SABATO 28 OTTOBRE 1995

“Voi siete concittadini dei Santi e familiari di Dio”. (Ef. 2,19)

Ci sono dei termini che proprio perché usati in continuazione, a volte non ri­chiamano più in pienezza il loro significato. “Noi siamo Figli di Dio” cioè noi siamo per Dio come Gesù. Dio è mio Padre come e ancor più del mio padre terreno. lo sono realmente imparentato con la Trinità. “Noi siamo fratelli” cioè ogni uomo è mio fratello vero perché figlio dello stesso Padre, fratello di Gesù e questa parentela va anche oltre al tempo: io sono fratello vero dei santi, dei martiri, degli Apostoli. Nella mia famiglia hanno posto S. Francesco, Don Bosco, San Giovanni, San Tommaso... Parte di questa mia famiglia vede già il volto di Dio. Maria non è mia Madre per figura ma mi ha per figlio come ha per figlio Gesù. Se noi partiamo da questa realtà, vedete come cambia anche il concetto di Chiesa. Non più semplice aggregazione religiosa fondata su un potere gerarchico, ma famiglia vera, luogo di comunione profonda.

 

 

DOMENICA 29 OTTOBRE 1995

“Due uomini salirono al Tempio a pregare”. (Lc. 18,10)

Giovanni Climaco, un monaco del Sinai, vissuto tra il 500—600 ci dà questa preziosa riflessione:

Quando preghi, non farti scoppiare il cervello per trovare le parole. Molte volte il semplice e monotono balbettio dei fanciulli ha placato il Padre loro che sta nei cieli. Non ti preoccupare di essere loquace, affinché la mente non si sparpagli alla ricerca di parole. Con una sola frase il pubblicano si propiziò il Signore, con una sola parola colma di fede si salvò il ladrone. La loquacità nella preghiera spesso riempie la testa di fantasticherie e suscita distrazioni. Invece la brevità — basta talora una parola appena — favorisce in genere il raccoglimento.

 

 

LUNEDI' 30 OTTOBRE 1995

“E se siamo figli di Dio, siamo anche eredi; eredi di Dio e coeredi di Cristo”. (Rom. 8,17)

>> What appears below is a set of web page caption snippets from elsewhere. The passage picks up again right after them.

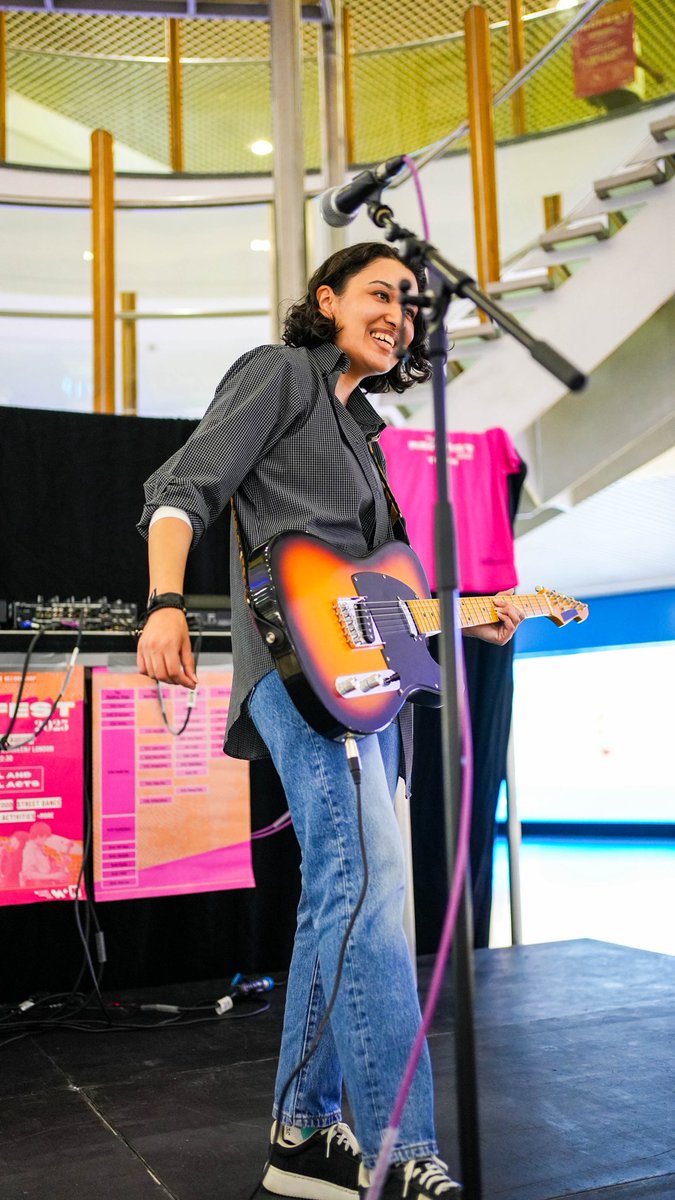 the_recshop's tweet photo. You simply had to be there! 🎸✨

This one’s for the artists — yes you! @the_recfest would not have been possible without the energy and in-credibility of those who took the stage this year.

Beautifully captured by: @GenexusPhoto 

#therecshop #therecfest #woodgreen #haringey https://t.co/na456mmaOZ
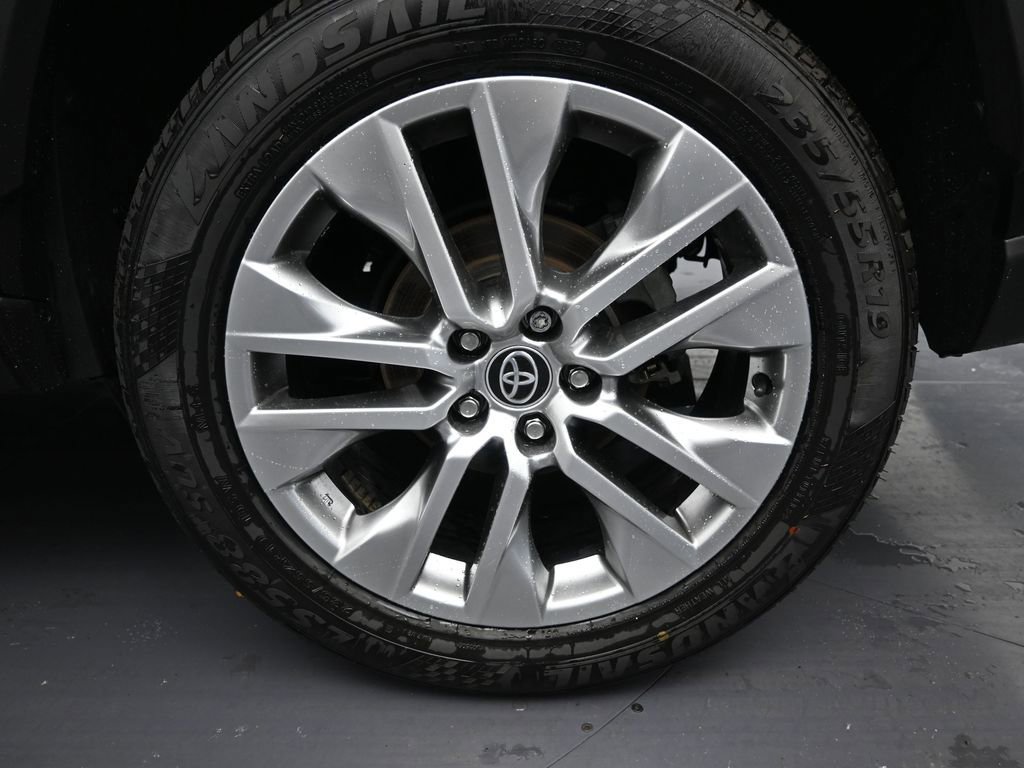 Used 2022 Toyota RAV4 Limited w/ Limited Grade Weather Package FWD image 9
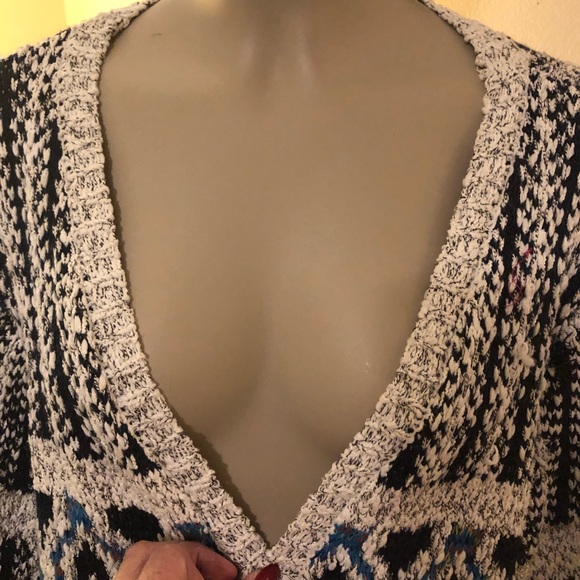 new directions Sweaters - New Direction  v neck sweater 1X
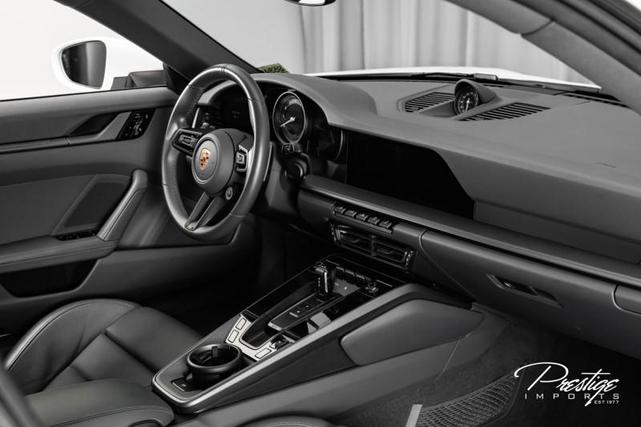 Photo of 2021 White Porsche 911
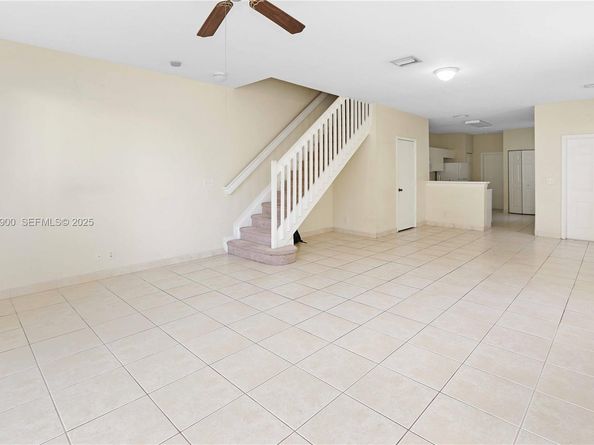 2143 Hacienda Ter, Weston FL 33327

“Chi sono gli eredi?” E’ una delle domande più comuni che sorge quando muore una persona facoltosa. Per rispondervi bisognerà consultare il suo testamento. Tutti sanno che la Bibbia si compone di due parti chiamate Antico Testamento e Nuovo Testamento. Poiché c’è un testamento, questo presuppone da una parte che ci sia una persona ricca, e dall’al tra degli eredi. Il ricco donatore è Dio, colui che possiede tutte le cose perché è lui stesso che le ha create. Tutto gli appartiene sulla terra e nel cielo. Chi sono allora gli eredi? L’Antico Testarnento aveva stabilito come legatario il popolo d’Israele. E’ a lui che Dio aveva fatto delle promesse e aveva dato un paese, Canaan, in eredità. Ora Israele ha disprezzato il paese, trasgredito la legge; si è distolto dall’insegnamento dei profeti e ha messo a morte il suo Messia. Da allora è caduto sotto il giudizio divino. Ma Dio è amore. Egli si compiace nel donare. Poiché i Giudei hanno disprezzato l’eredità, egli redige un Nuovo Testamento, in favore di altri eredi. Che cosa donerà loro? Non delle benedizioni terrene ma delle benedizioni spirituali: il perdono, la vita eterna, la gloria. Chi sono i nuovi eredi? I suoi figli, in altre parole, sono coloro che fanno parte della grande famiglia della fede.

 

 

MARTEDI' 31 OTTOBRE 1995

“Tutta la creazione geme e soffre fino ad oggi nelle doglie del parto”. (Rm. 8,22)

L’uomo e la creazione da sempre sono legati. L’uomo stesso è parte della creazione. Il suo rapporto con la natura però non sempre è idilliaco. La natura ha le sue leggi a volte terribili, per di più l’uomo ha sovente violentato la natura, l’ha sfruttata indebitamente con le conseguenze catastrofiche di cui oggi spesso piangiamo. E la natura, legata alla sorte dell’uomo, diventa segno di salvezza e di donazione, parla di Dio e nello stesso tempo ricorda all’uomo la finitezza, il dolore, la prova “Geme” con l’uomo ma “spera” con l’uomo che ha visto Gesù amare la natura, rispettarla, vincerne le difficoltà (i miracoli), superarne la morte e dare all’uomo la possibilità di fare altrettanto.